Lembra o poema “Aos que virão depois de nós”, onde Brecht escreve “Que tempos são esses, quando falar sobre flores é quase um crime pois significa silenciar sobre tanta injustiça?”. Permanece o diagnóstico de crime, apesar de não se tratarem de flores, mas de “notícias” sobre home office e “reaquecimento do PIB”.
Os interesses
O objetivo do monopólio de imprensa brasileiro tem sido, hoje mais intensamente que no início do governo, polarizar com a figura caricata de Bolsonaro e isentar o máximo possível o Alto Comando das Forças Armadas (ACFA) e criaturas pontuais como Paulo Guedes, representante da fração compradora da grande burguesia. À despeito das contradições óbvias dentro de toda a reação no poder, as descobertas do envolvimento da ACFA e de Pazuello com a gestão carniceira da pandemia unifica todo o governo frente às massas - que cada vez mais abandonam a posição de “Fora Bolsonaro”, ainda que espontaneamente, para demarcações mais amplas.
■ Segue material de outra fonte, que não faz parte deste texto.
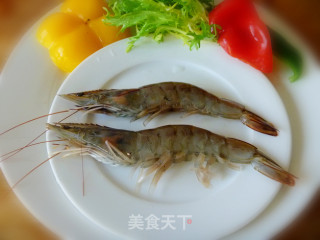 [明虾配青芥甜辣酱】在家做西餐的做法步骤：1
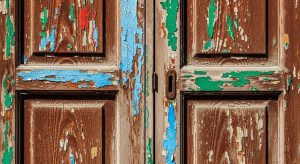 Lapisan Cat Lama dari Pintu Jati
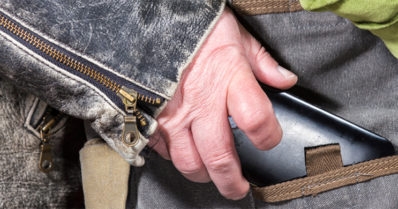 Poliisi on saanut kymmeniä ilmoituksia taskuvarkauksista – kaupungilla kannattaa olla valppaana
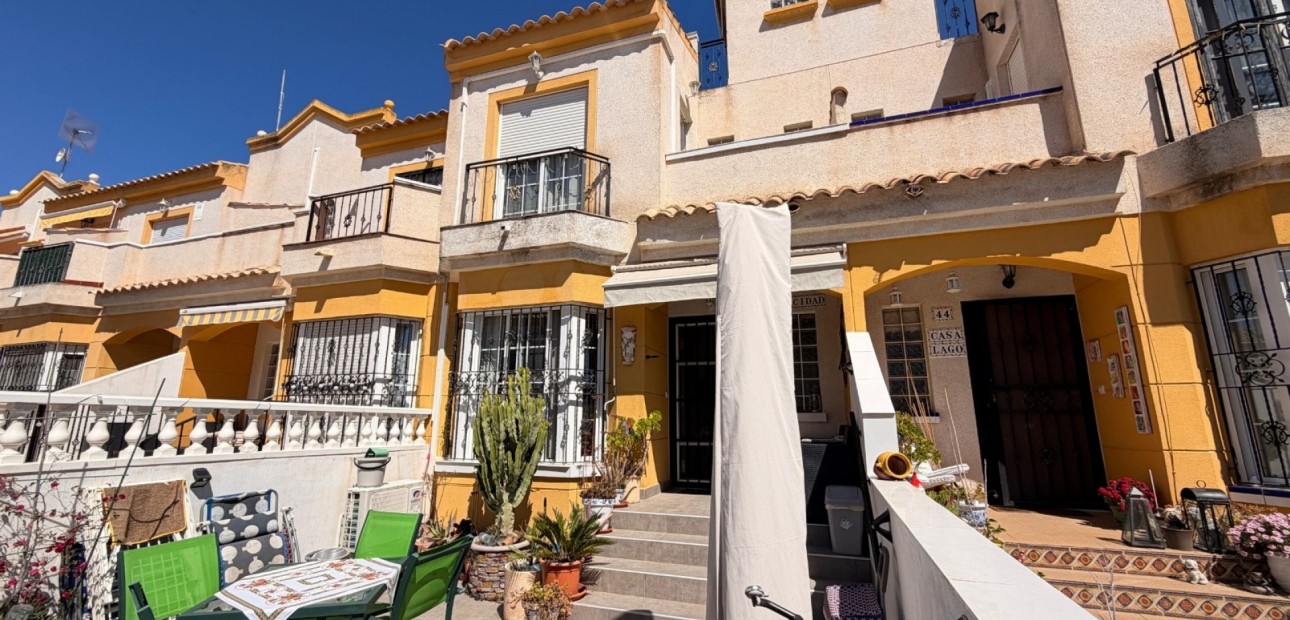 Sale - Townhouse -
Guardamar del Segura - El Raso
Sabemos que quando é de interesse da imprensa marrom ela divulga e até promove manifestações. Seu silêncio não é de apoio tácito a Bolsonaro, simplesmente, mas de autopreservação apavorada frente ao acirramento de todas essas contradições e a impossibilidade de dissociar a crítica ao fascista da crítica aos generais e ao golpe militar contrarrevolucionário em curso. A pauta da direita civil de “desgaste de Bolsonaro” torna-se cada vez mais perigosa e incontrolável, pois a linha de demarcação entre Bolsonaro e os generais “legalistas” se enturvece e entre as massas mais profundas já inexiste.
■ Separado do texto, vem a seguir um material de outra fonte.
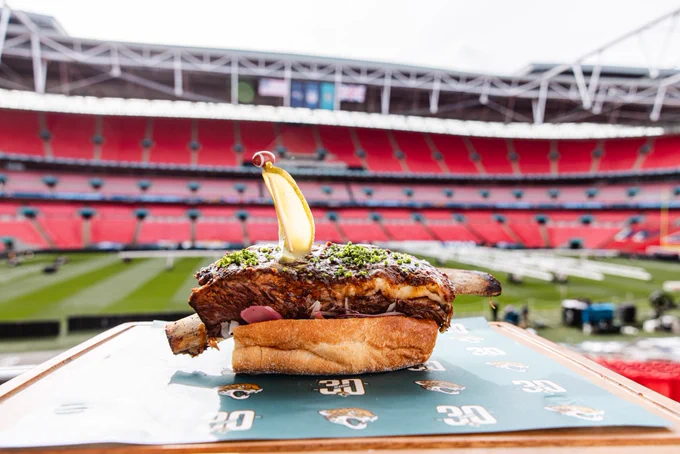 The scratch and claw dog photo'd at Wembley Stadium. 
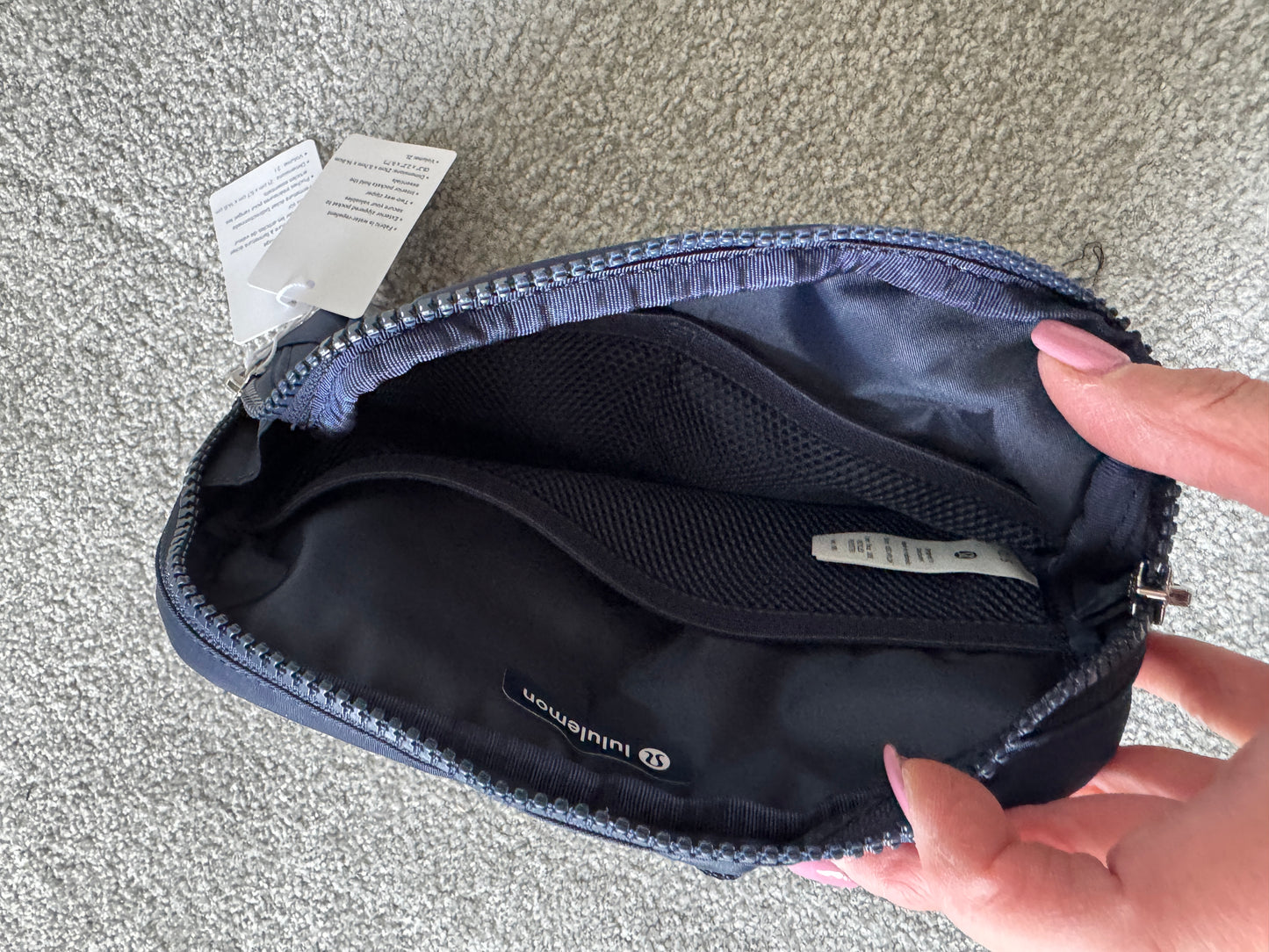 Pre Owned Authentic Lululemon Belt Bag Navy NWT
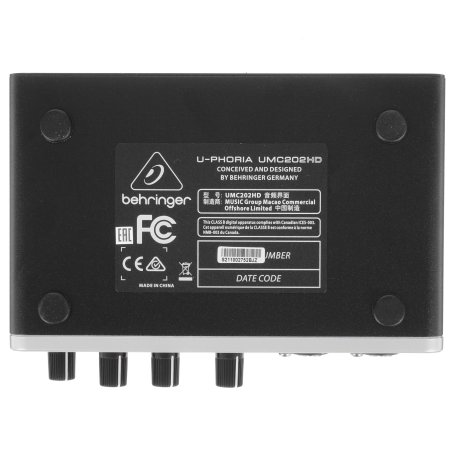 Аудиоинтерфейс Behringer UMC202HD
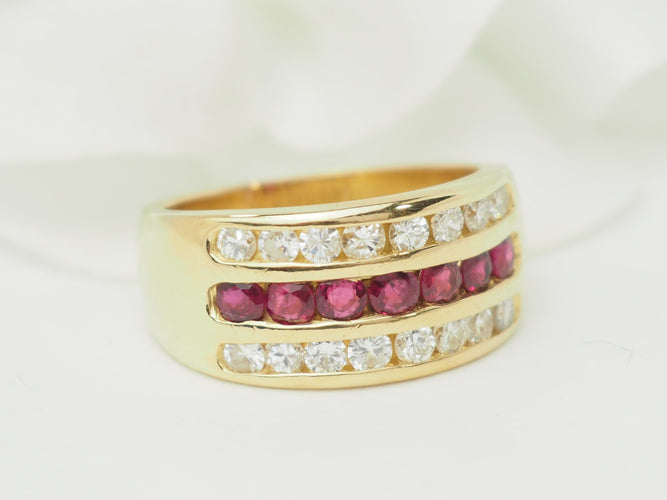 Bague 55 Bague ruban en or jaune 18 ct avec rubis et diamants 58 Facettes 33619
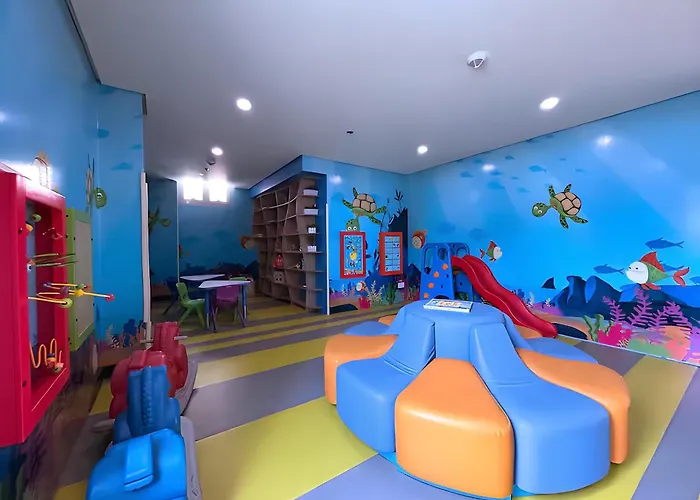 Spacious And Comfortable 3br, 2br, 1br Suitable Family Reunion Ii Seaview And Poolview Ii Next To Okada, Airport, Moa, Free Parking Apartment Manila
A estranheza que causa a CPI em curso vem justamente do fato de que os senadores tentam desesperadamente isolar a culpa nos bodes expiatórios de Bolsonaro e Pazuello, além de alguns canalhas irrelevantes, enquanto pedem bênção cabisbaixa ao ACFA sempre que possível. O desenvolvimento da CPI, assim como as manobras escusas do ACFA com relação a Pazuello mostram que é impossível desgastar Bolsonaro sozinho, tudo aponta a um buraco muito mais fundo. A entrada da força das ruas na equação é um elemento que põe essa tentativa de gestão parlamentar da crise em cheque e é por essa razão que a imprensa monopolista, sua subordinada, evita dar um caráter de complementaridade entre a CPI e as manifestações - seja tratando as duas como eventos isolados, seja evitando traçar uma linha que indique qual é a principal.
Sobre quem não tem rabo preso
O oportunismo, mais desavergonhadamente refém da direita civil, defende as manifestações como uma espécie de acúmulo parlamentar e eleitoreiro. A cegueira nervosa do monopólio de imprensa, por outro lado, mostra o quanto são imprestáveis mesmo para expressar as reivindicações básicas das ruas, o que rompe as ilusões pequeno-burguesas de que as “massas nas ruas podem pautar a opinião pública da grande mídia” ou coisa que o valha.
Quem ocupou o papel de expôr e
impulsionar as reivindicações foi, de maneira inequívoca, a imprensa
popular e democrática, a única que representa os anseios do povo e sua
luta pela revolução democrática. Cumpre, como sempre cumpriu a chamada à
rebelião e papel de veículo para as demandas populares; mas nesse caso
se evidencia claramente a contraposição simplesmente por ter mostrado
que houveram atos, por dar a eles o destaque merecido, por não ter se
curvado perante qualquer chantagem. Que seja dito em alto e bom som que o
que foi feito pelo monopólio de imprensa no dia 29 foi uma forma velada
de censura; da forma cínica que é permitida pelo regime demoliberal
burguês, favorecendo à “liberdade de imprensa” à despeito da liberdade de informação; o que só tem como remédio o impulsionamento vivaz da imprensa popular e democrática!